Part three: does moral anti-theodicy entail philosophical pessimism?
Let us recall that in part one, following the claim that ambitious theodicies
always trivialize suffering, we considered the possibility that the least ambitious
theodicies might escape the charge of trivialization. We asked whether there might
be a qualitative difference between justifying horrendous suffering and justifying
the creation of the world as a place containing conditions which make horrendous
evils possible (as in the free-will defence).

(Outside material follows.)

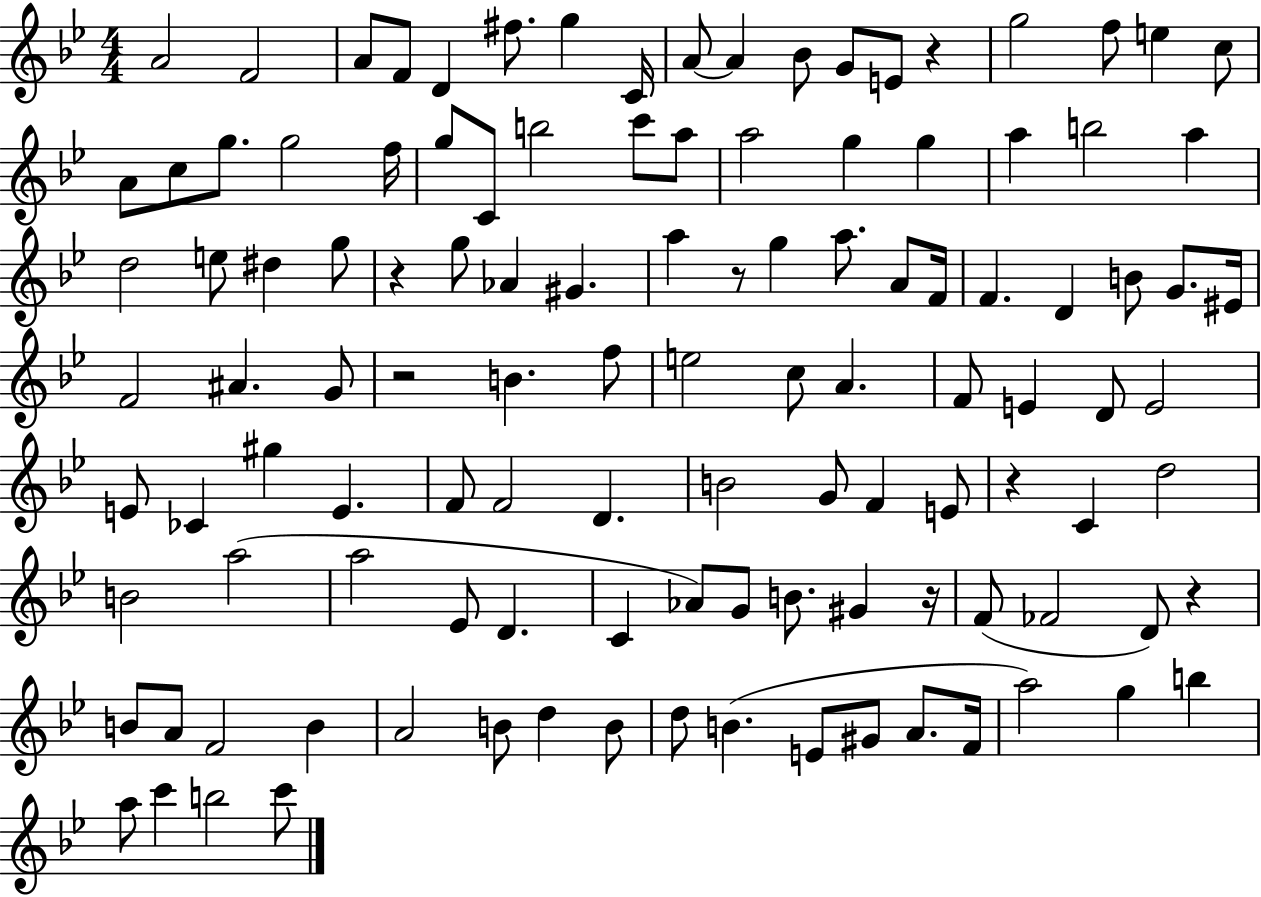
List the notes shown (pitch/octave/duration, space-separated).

A4/h F4/h A4/e F4/e D4/q F#5/e. G5/q C4/s A4/e A4/q Bb4/e G4/e E4/e R/q G5/h F5/e E5/q C5/e A4/e C5/e G5/e. G5/h F5/s G5/e C4/e B5/h C6/e A5/e A5/h G5/q G5/q A5/q B5/h A5/q D5/h E5/e D#5/q G5/e R/q G5/e Ab4/q G#4/q. A5/q R/e G5/q A5/e. A4/e F4/s F4/q. D4/q B4/e G4/e. EIS4/s F4/h A#4/q. G4/e R/h B4/q. F5/e E5/h C5/e A4/q. F4/e E4/q D4/e E4/h E4/e CES4/q G#5/q E4/q. F4/e F4/h D4/q. B4/h G4/e F4/q E4/e R/q C4/q D5/h B4/h A5/h A5/h Eb4/e D4/q. C4/q Ab4/e G4/e B4/e. G#4/q R/s F4/e FES4/h D4/e R/q B4/e A4/e F4/h B4/q A4/h B4/e D5/q B4/e D5/e B4/q. E4/e G#4/e A4/e. F4/s A5/h G5/q B5/q A5/e C6/q B5/h C6/e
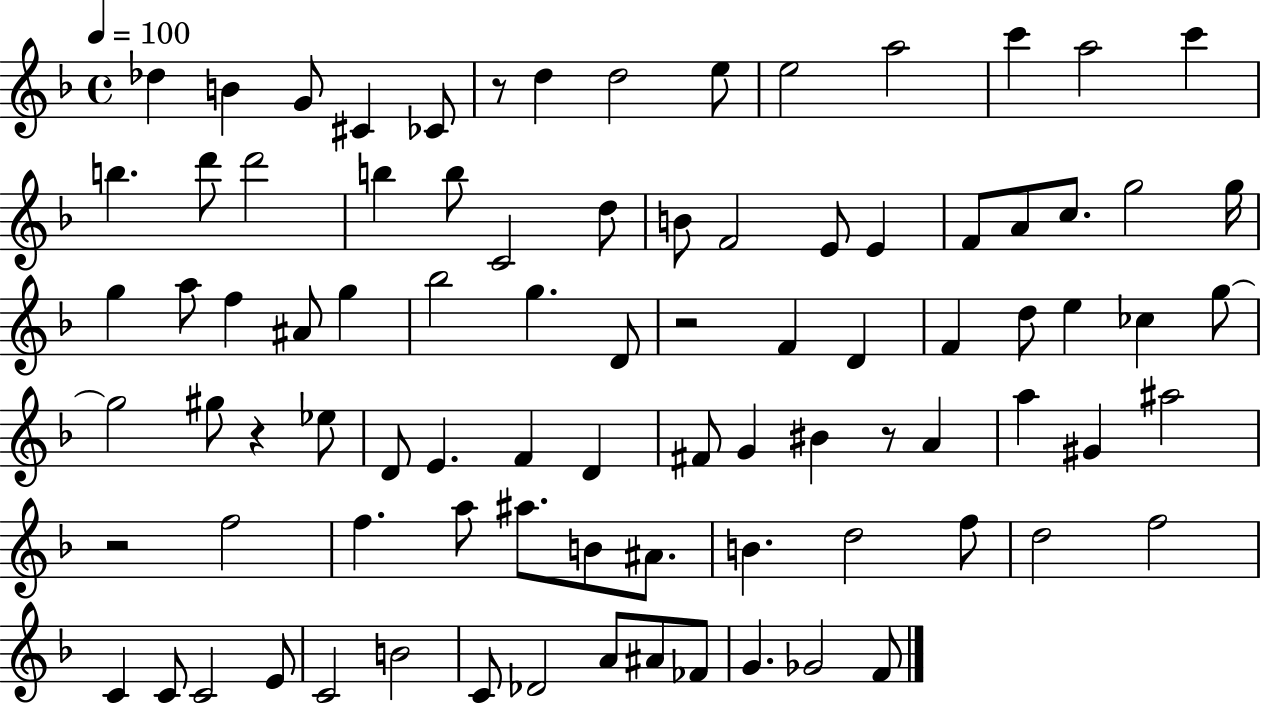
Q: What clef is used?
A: treble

The latter case can be characterized as a
justification of human life (if, for example, freedom is a necessary condition of
human life).
The theodicist might insist that the onus is on the anti-theodicist to give reasons
why our attention should be held captive by the experiences of horrendous evil, to
the exclusion of recognizing the beauty and goodness of the world as a whole. Why
should it not also be reprehensible to trivialize good experiences, by not giving
them due weight?
Thus far it seems there are grounds for considering this conflict as about
competing visions of the world. The overall positive or negative ‘picture’ within
which one interprets evils is not merely a matter of evident goods which emerge
from those evils, or a counting up of goods and evils, but a way of seeing the world.
The theodicist insists that the good outweighs the bad. The anti-theodicist insists
the bad is so weighty it could never be matched or overcome. This seems like an
aesthetic impasse, and not simply a moral issue.
To test this possibility, we should pay attention to a classic moral anti-theodicy,
expressed by Dostoevsky’s character Ivan Karamazov, and explore its parallels
with the free-will defence and with Schopenhauerian pessimism.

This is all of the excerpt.